Crawled caption data –
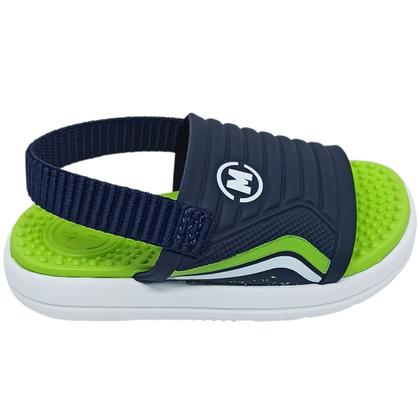 Imagem de Sandália Molekinho Infantil Bebê Ajuste Elástico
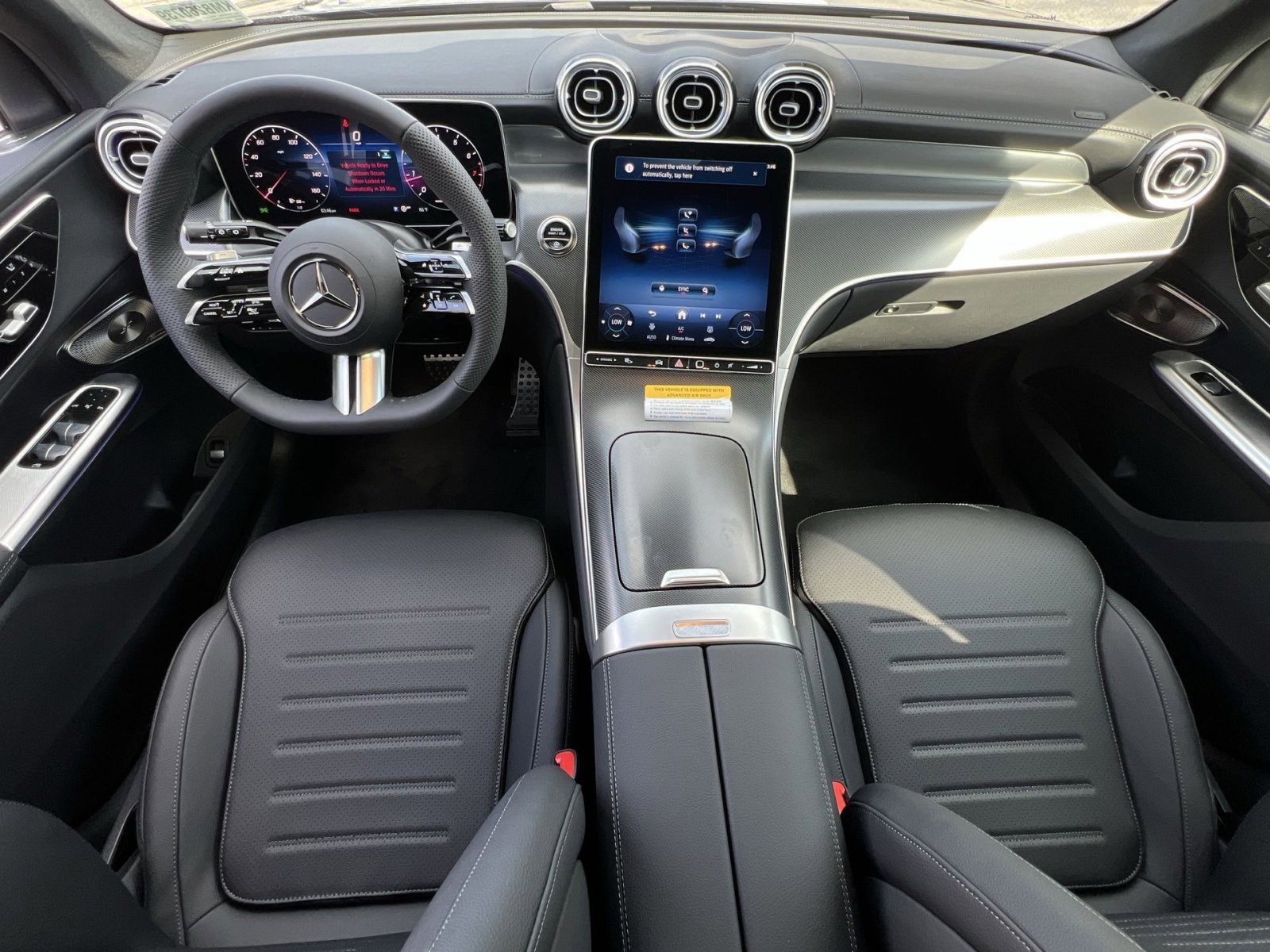 New 2026 Mercedes-Benz GLC 300 4MATIC image 21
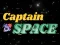 Spil Captain Space online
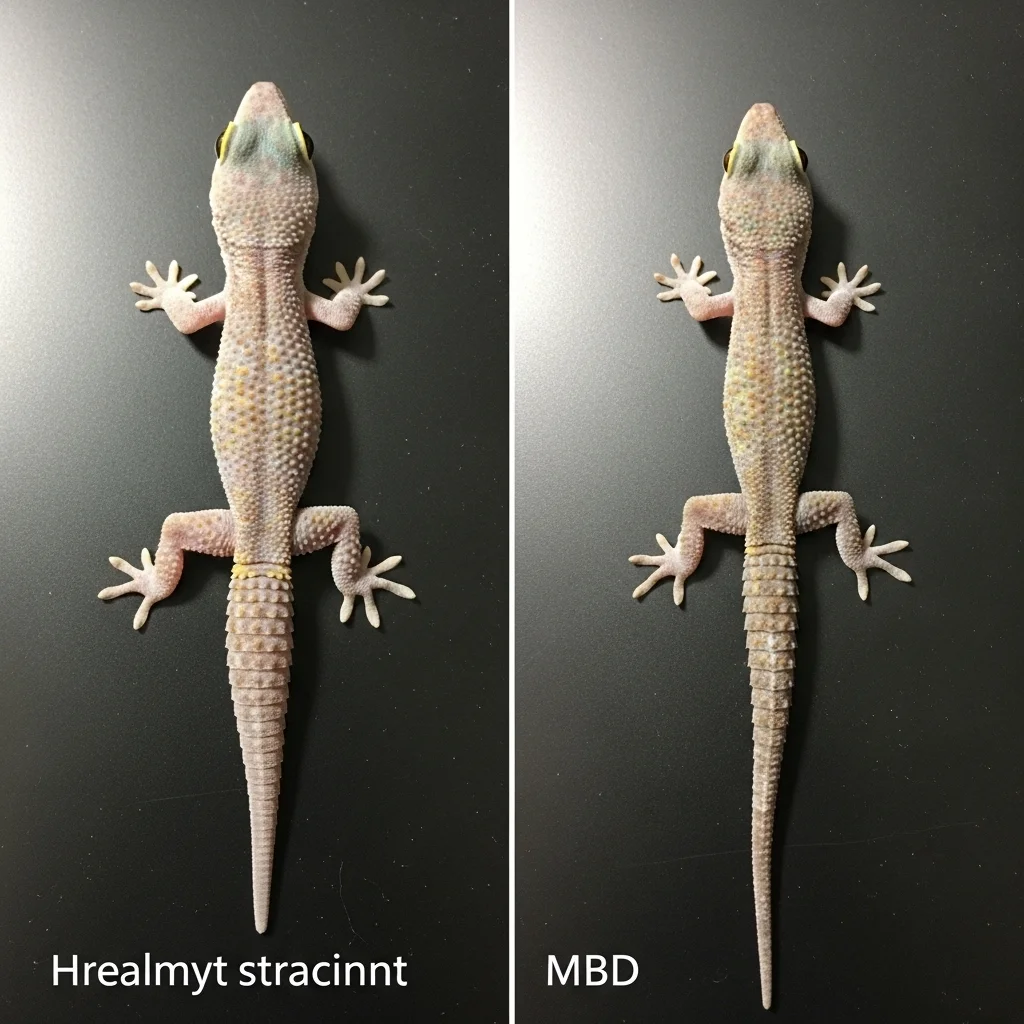 꼬리 모양으로 보는 건강 상태 체크리스트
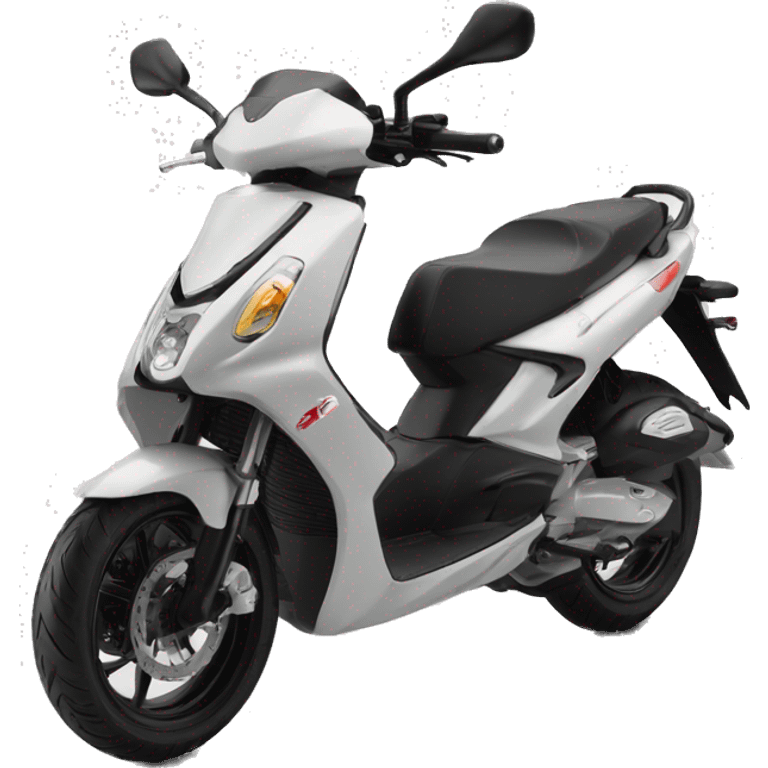 Aprilia sr50  emoji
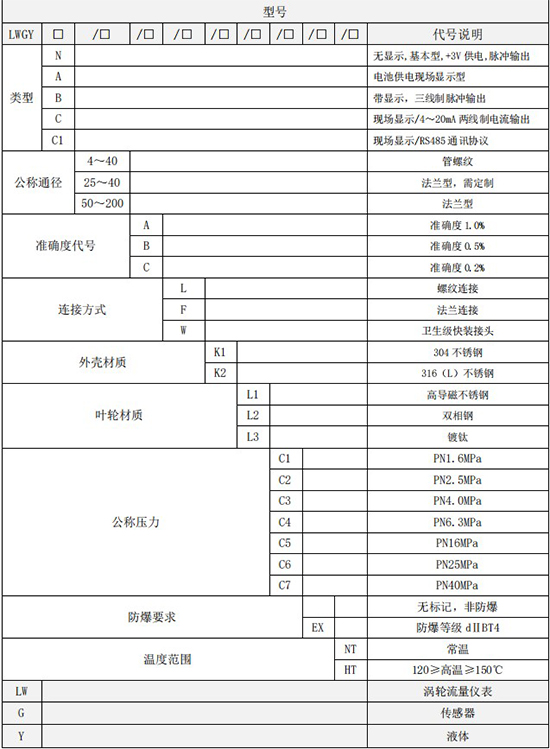 冷却好色先生APP官网入口下载苹果规格选型表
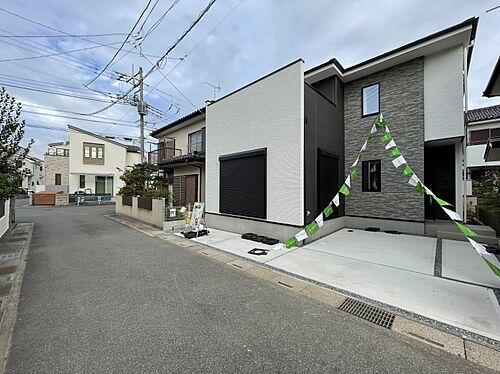 埼玉県春日部市藤塚 3388万円 3SLDK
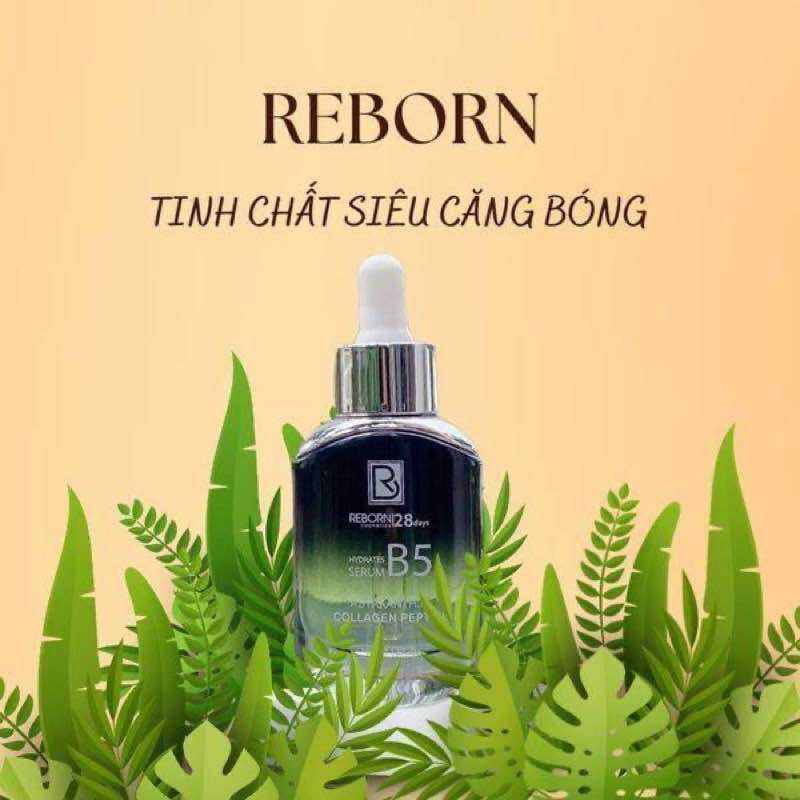 TINH CHẤT B5 SIÊU CĂNG BÓNG REBORN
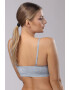 DKNY Спортен сутиен сив - Pepit.bg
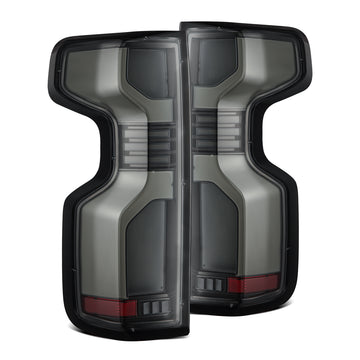 AlphaRex 620078 - LED Taillights Black 4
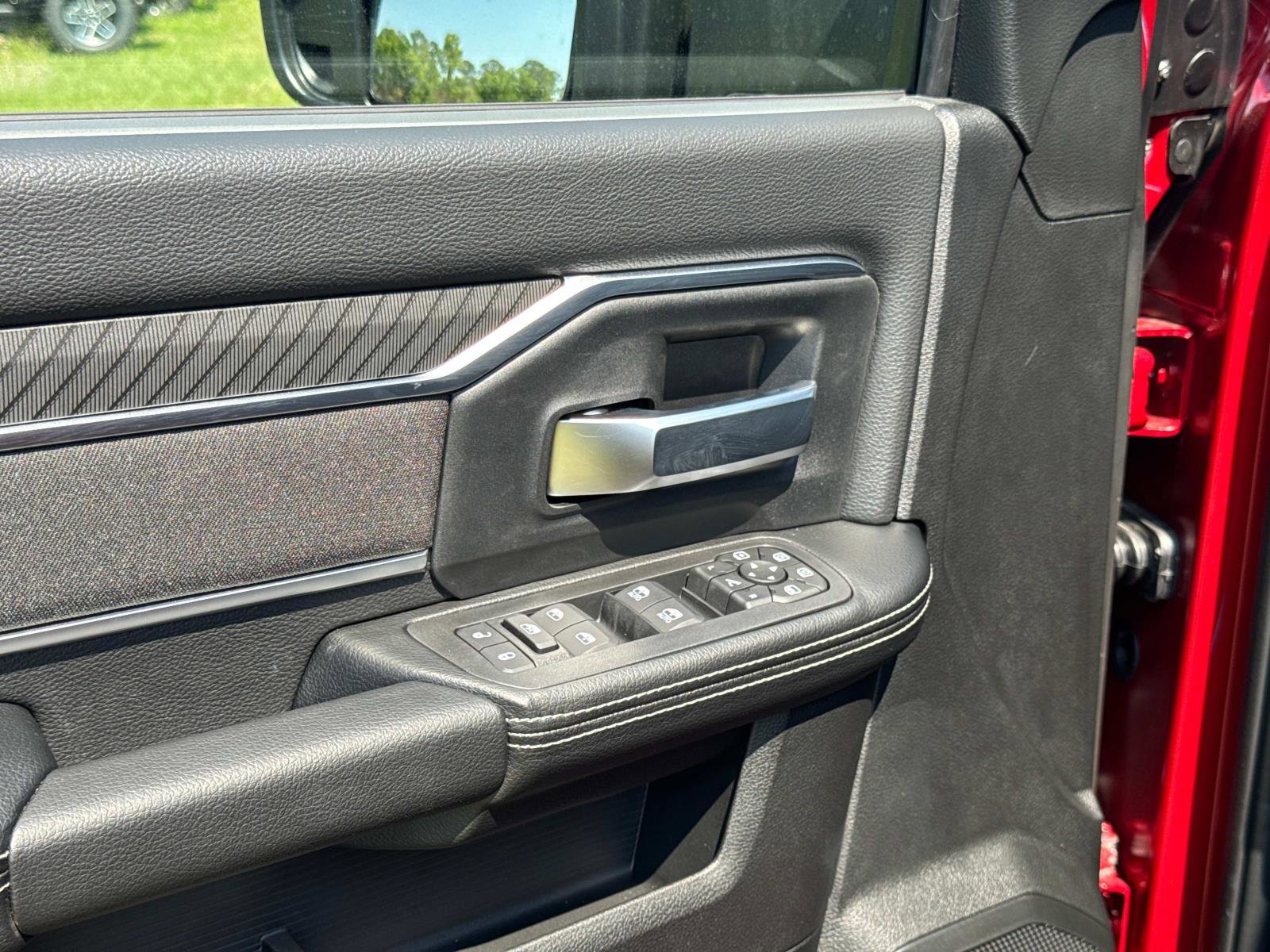 New 2026 RAM 3500 Big Horn AWD/4WD image 19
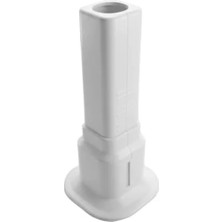 Ulu Pazarlama Plastik Ayarlanabilir Boru Saklama Aparatı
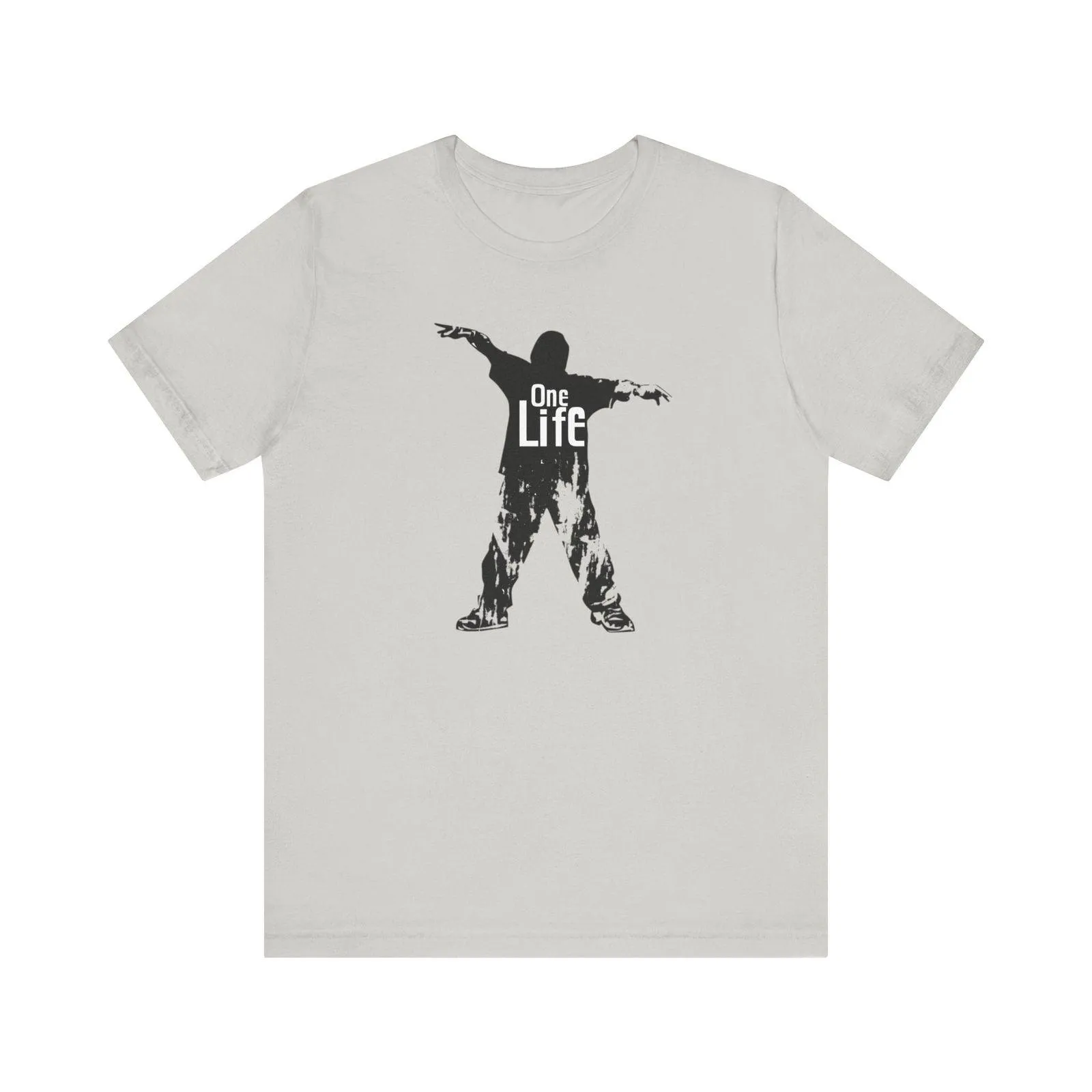 Hip Hop One Life T Shirt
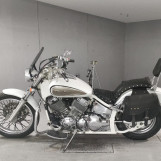 Мотоцикл Yamaha DRAGSTAR XVS400 з пробігом 42937 km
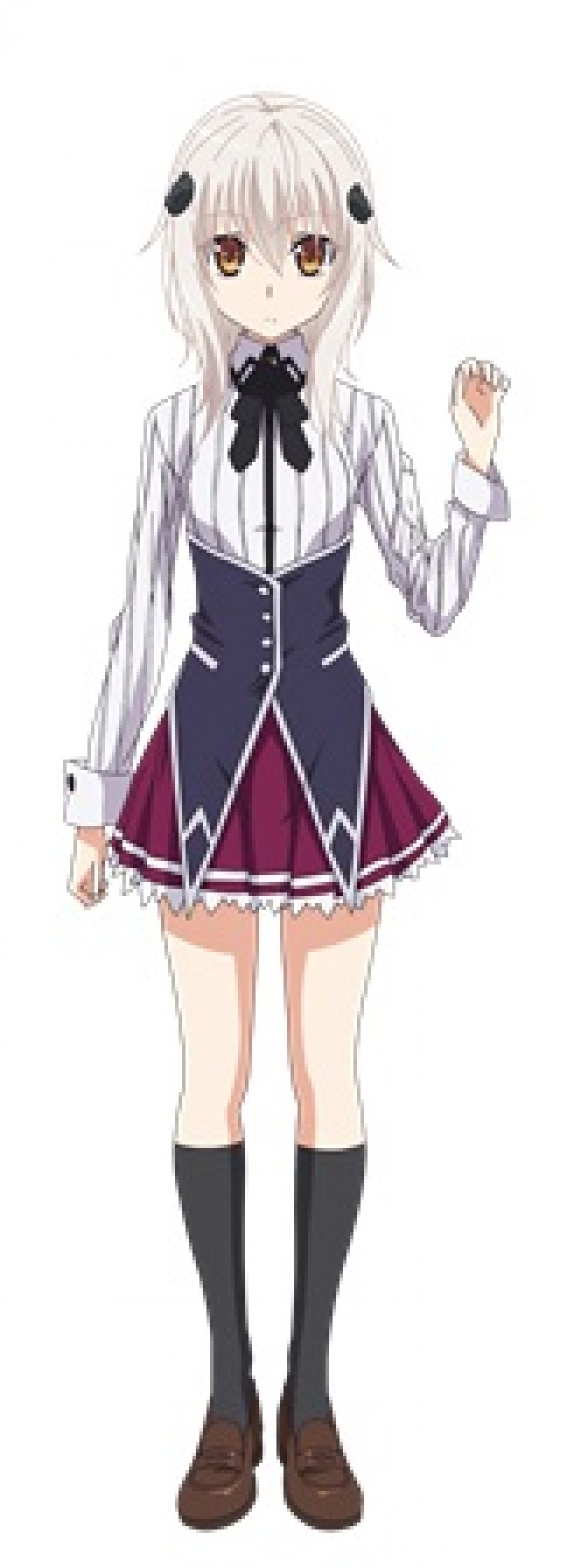 『ハイスクールD×D』×叶美香、“ファビュラス”コラボ実現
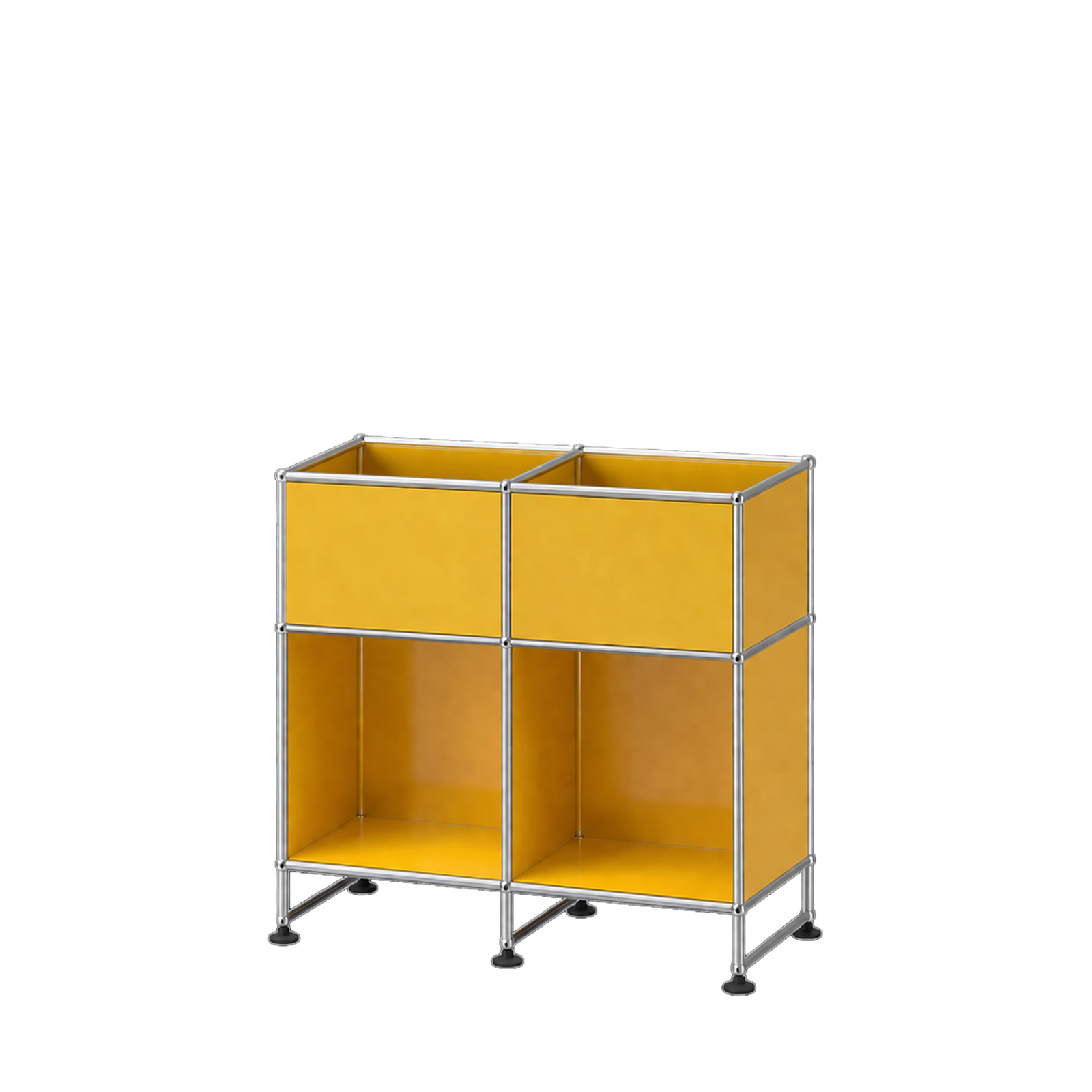 USM  Vinyl Storage Cabinet x2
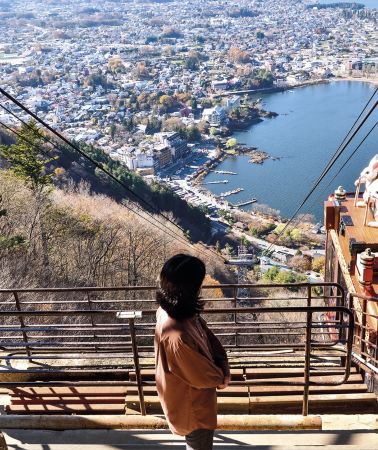 8D7N • Central Japan and Hakone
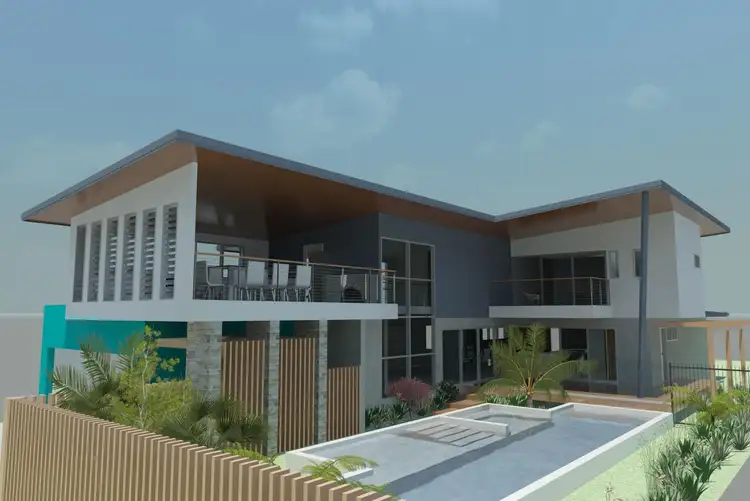 Second view of Homely land listing, 22 Oliva St, Palm Cove QLD 4879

Exercise – Take the line with "DKNY Спортен сутиен сив - Pepit.bg" and every line after it through the end of the data, and write only them out exactly, leaving out the pictures.

Answer box –
 DKNY Спортен сутиен сив - Pepit.bg
 AlphaRex 620078 - LED Taillights Black 4
 New 2026 RAM 3500 Big Horn AWD/4WD image 19
 Ulu Pazarlama Plastik Ayarlanabilir Boru Saklama Aparatı
 Hip Hop One Life T Shirt
 Мотоцикл Yamaha DRAGSTAR XVS400 з пробігом 42937 km
 『ハイスクールD×D』×叶美香、“ファビュラス”コラボ実現
 USM  Vinyl Storage Cabinet x2
 8D7N • Central Japan and Hakone
 Second view of Homely land listing, 22 Oliva St, Palm Cove QLD 4879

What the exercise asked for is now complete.